§ Required action:
Before copying, find the line below that contains "La Belle au bois dormant se tient à côté d"; then return it and all later lines exactly, up to and including the final line, with no pictures.

(Image-caption web data)
* * * * * * * * *

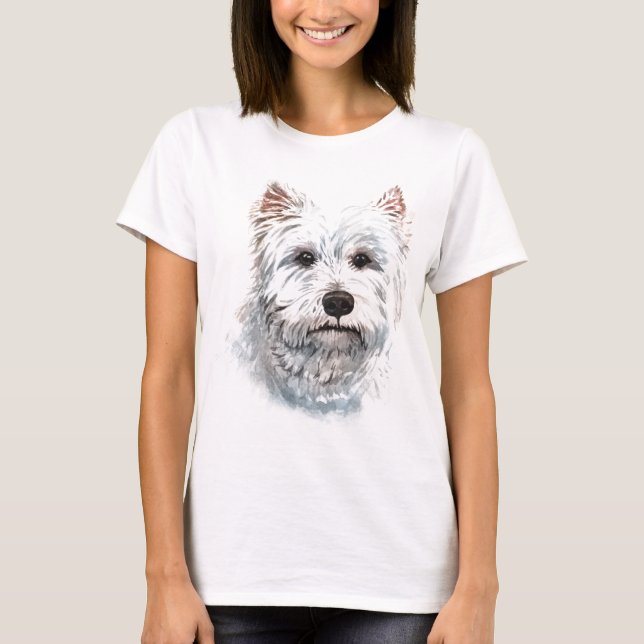 Watercolor Väster Highland White Terrier T Shirt (Framsida)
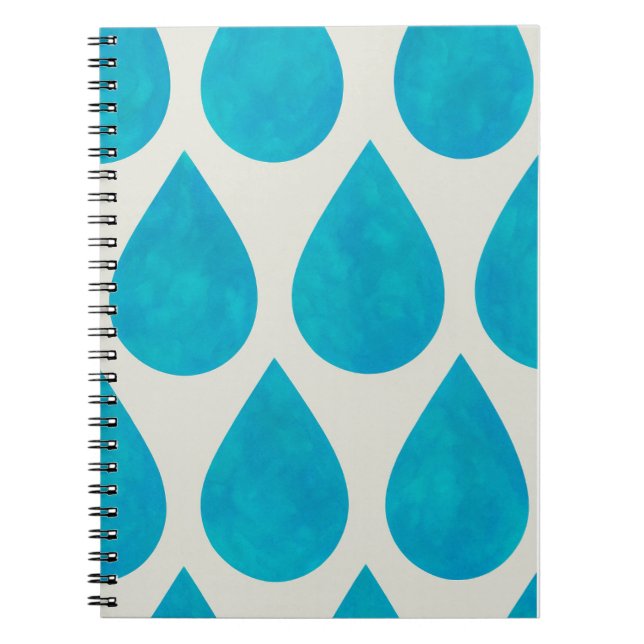 Raindrops/Teardrops Pattern Watercolor Notebook (Front)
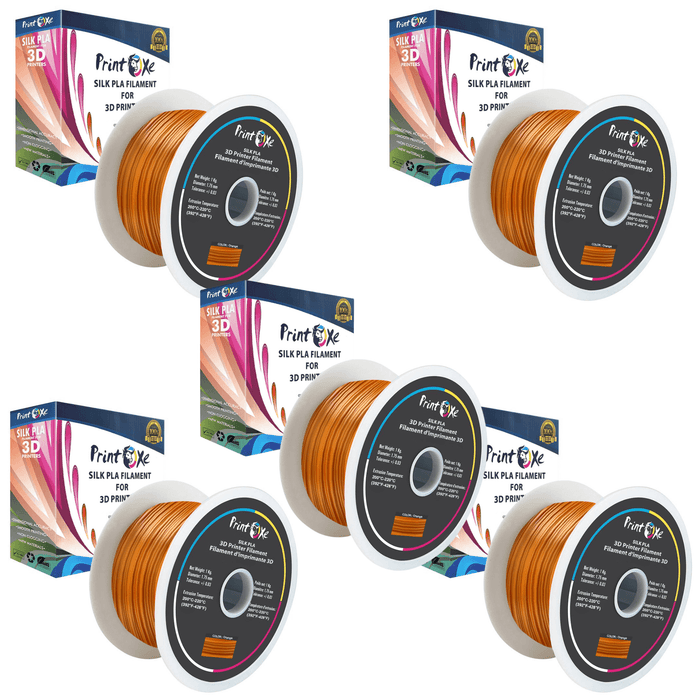 5 KG Net Material on 5 Spools of 3D PLA like SILK Filament 5 Packs (Pick From 9 Colors) 1.75 mm Diameter Each Spool Carry Material Weight 1 Kg (Net) PRINTOXE Filament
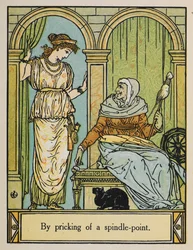 La Belle au bois dormant se tient à côté d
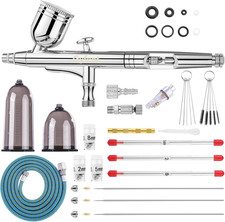Airbrush Kit, Airbrush Gun with 4 Quick-Release Nozzle Sets 0.2/0.3/0.5/0.8Mm D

* * * * * * * * *

§ Response:
 La Belle au bois dormant se tient à côté d
Airbrush Kit, Airbrush Gun with 4 Quick-Release Nozzle Sets 0.2/0.3/0.5/0.8Mm D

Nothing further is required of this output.